No âmbito estadual, a Fundar operou com a Secretaria de Educação do Rio de Janeiro, entre 1999 e 2005, prestando consultorias para reorganização da rede de ensino e dos Centros Integrados de Educação Pública (Cieps), idealizados por Darcy e implantados durante a administração de Leonel Brizola. “Nossa meta foi atingir uma nova concepção de espaço e de tempo na gestão da escola, resgatar a matriz curricular da educação básica e de uma educação integral”, lista Paulo.

Em 1984, Darcy, então vice-governador do Rio de Janeiro, convidou o arquiteto João Filgueiras Lima, o Lelé, para trabalhar em obras públicas.

Carta de Lelé a Darcy

Como um dos desdobramentos da parceria, Lelé projetou o prédio para abrigar a Fundação Darcy Ribeiro dentro da universidade de Brasília, acolhendo seu acervo de livros, obras de arte e mobiliário. O espaço foi apelidado por ele – que não viu a construção pronta, em 2010 – como “Beijódromo”. Na visão do presidente da FunDar, o mestre está mais vivo do que nunca.
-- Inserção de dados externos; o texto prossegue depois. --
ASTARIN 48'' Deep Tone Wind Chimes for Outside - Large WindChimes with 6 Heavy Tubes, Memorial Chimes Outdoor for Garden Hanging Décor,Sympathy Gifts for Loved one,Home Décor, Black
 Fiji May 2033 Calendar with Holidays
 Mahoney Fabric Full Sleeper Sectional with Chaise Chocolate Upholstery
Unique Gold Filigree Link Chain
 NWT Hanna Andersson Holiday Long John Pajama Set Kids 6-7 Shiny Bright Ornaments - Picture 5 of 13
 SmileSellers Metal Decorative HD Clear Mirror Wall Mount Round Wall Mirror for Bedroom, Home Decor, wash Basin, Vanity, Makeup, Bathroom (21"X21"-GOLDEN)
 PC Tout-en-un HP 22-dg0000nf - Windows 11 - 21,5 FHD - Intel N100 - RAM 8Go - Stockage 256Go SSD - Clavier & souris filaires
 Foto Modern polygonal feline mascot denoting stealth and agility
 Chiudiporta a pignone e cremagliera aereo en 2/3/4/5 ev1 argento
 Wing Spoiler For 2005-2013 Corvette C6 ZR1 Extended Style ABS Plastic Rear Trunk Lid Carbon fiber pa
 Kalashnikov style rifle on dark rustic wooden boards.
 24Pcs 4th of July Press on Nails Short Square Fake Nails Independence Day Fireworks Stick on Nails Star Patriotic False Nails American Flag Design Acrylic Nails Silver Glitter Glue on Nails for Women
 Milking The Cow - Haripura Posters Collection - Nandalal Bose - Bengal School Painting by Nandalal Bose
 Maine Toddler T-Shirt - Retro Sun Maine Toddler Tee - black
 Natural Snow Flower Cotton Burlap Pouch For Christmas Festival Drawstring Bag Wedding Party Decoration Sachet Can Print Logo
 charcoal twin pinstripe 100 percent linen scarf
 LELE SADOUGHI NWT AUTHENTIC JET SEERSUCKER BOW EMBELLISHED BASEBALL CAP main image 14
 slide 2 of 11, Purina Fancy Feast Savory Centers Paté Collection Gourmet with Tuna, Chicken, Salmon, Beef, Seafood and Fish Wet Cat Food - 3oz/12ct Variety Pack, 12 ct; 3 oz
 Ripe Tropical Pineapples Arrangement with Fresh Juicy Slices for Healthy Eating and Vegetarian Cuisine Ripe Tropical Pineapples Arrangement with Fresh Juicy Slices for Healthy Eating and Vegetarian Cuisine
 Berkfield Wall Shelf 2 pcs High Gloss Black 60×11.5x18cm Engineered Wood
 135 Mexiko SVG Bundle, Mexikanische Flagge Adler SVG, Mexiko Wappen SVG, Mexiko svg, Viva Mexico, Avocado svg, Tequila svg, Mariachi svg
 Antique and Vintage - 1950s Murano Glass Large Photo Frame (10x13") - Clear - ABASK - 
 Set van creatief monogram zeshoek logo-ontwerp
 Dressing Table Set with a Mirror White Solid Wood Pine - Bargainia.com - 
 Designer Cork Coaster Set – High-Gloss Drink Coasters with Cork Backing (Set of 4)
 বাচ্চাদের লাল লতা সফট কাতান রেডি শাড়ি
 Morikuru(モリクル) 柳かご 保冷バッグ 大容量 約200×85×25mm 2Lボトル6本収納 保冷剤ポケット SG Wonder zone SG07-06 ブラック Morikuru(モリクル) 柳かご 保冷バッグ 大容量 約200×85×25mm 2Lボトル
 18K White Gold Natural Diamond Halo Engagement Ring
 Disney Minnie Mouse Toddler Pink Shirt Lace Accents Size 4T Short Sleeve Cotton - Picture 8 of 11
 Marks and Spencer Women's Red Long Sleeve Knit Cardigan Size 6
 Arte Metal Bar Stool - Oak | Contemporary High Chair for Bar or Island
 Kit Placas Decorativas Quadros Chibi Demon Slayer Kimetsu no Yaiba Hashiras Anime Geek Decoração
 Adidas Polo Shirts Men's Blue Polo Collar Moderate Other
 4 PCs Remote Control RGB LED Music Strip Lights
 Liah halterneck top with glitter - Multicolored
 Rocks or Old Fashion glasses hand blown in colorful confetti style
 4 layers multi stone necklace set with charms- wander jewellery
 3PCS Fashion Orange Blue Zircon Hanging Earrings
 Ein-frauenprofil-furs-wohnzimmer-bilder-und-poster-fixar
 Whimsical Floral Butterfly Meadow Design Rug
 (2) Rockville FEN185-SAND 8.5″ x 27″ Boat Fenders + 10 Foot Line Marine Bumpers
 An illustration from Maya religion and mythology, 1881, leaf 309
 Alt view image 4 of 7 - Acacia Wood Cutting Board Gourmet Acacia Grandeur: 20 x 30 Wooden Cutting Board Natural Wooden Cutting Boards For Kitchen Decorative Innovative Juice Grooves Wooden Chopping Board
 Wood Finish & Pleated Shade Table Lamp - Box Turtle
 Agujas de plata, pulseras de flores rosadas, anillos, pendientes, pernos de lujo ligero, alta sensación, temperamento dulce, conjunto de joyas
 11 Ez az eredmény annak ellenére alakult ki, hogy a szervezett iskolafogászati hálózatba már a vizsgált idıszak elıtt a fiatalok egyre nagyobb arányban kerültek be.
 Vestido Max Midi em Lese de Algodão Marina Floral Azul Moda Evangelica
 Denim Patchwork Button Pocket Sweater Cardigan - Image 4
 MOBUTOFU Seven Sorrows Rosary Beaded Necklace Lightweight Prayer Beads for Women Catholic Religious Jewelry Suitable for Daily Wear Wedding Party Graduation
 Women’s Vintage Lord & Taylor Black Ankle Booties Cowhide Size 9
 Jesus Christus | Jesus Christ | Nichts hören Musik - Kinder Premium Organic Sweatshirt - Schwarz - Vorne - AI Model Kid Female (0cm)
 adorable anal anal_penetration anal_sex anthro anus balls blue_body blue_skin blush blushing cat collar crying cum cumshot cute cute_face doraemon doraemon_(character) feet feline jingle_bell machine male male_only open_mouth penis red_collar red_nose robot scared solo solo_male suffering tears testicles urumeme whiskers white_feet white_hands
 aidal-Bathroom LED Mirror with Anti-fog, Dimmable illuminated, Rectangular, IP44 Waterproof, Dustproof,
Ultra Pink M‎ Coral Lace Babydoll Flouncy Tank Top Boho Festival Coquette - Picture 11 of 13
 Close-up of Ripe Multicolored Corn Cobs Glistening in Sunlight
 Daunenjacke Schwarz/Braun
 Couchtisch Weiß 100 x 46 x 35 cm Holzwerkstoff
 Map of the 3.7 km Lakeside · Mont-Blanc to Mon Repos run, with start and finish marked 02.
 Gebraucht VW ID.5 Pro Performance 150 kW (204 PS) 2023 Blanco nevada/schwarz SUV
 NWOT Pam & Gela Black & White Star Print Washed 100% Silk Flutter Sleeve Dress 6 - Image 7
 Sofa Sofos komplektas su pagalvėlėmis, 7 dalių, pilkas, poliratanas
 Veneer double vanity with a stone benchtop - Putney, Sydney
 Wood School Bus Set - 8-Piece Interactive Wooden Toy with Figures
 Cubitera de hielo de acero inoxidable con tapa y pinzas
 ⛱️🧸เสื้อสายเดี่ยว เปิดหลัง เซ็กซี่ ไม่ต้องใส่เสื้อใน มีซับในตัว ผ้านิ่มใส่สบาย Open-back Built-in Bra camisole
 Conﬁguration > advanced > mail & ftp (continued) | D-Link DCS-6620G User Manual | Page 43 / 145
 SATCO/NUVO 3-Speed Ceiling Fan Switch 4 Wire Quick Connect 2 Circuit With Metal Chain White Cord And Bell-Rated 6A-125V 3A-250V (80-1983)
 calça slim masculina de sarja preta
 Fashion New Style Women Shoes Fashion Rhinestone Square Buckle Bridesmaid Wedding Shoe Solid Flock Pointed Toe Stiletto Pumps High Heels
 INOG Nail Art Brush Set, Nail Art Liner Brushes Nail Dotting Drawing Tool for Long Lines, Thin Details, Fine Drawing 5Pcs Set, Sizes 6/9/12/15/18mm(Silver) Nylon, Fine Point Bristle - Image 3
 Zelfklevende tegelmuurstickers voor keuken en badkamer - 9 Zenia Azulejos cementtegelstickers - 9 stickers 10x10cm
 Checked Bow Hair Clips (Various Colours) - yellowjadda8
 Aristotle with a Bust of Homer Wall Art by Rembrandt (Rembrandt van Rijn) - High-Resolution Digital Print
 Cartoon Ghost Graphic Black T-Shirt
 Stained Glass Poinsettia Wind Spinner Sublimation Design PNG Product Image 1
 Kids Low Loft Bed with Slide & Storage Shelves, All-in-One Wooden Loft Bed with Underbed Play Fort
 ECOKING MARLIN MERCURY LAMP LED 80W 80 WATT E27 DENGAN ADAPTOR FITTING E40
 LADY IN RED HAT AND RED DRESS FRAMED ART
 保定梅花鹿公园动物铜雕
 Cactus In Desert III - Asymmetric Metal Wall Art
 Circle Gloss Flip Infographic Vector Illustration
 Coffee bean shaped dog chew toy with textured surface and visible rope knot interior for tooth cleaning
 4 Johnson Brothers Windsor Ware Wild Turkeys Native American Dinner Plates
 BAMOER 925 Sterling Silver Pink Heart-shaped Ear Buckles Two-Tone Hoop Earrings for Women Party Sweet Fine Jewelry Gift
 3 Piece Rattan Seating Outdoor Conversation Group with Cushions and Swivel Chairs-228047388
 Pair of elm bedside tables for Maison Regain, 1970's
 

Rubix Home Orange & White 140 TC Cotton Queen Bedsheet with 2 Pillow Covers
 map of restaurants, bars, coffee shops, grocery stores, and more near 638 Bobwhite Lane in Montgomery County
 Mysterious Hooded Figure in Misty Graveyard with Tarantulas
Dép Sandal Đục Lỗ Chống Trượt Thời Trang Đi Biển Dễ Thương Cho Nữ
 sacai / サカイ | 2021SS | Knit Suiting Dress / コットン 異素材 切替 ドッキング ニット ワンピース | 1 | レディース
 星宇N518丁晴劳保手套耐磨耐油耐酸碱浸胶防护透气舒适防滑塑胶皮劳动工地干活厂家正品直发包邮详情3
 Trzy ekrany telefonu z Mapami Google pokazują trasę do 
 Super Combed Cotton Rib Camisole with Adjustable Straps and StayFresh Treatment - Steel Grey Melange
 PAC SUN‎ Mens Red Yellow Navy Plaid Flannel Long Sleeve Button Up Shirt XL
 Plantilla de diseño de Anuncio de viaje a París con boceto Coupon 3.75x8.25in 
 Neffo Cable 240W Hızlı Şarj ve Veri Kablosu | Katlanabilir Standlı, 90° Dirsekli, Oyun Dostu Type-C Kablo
É com esse espírito que a instituição apresentará ao prefeito do Rio, Eduardo Paes, propostas de presentes originais à cidade, em comemoração ao aniversário de 450 anos. “Temos três suges-tões, resgatadas de Darcy: retirar a estátua de D. Pedro I da Praça Tiradentes; iluminar as orlas de Grumari e da Prainha; e acender os painéis do projeto Arte no Muro, entre eles o da Sala Cecília Meirelles.” Será que o prefeito topa?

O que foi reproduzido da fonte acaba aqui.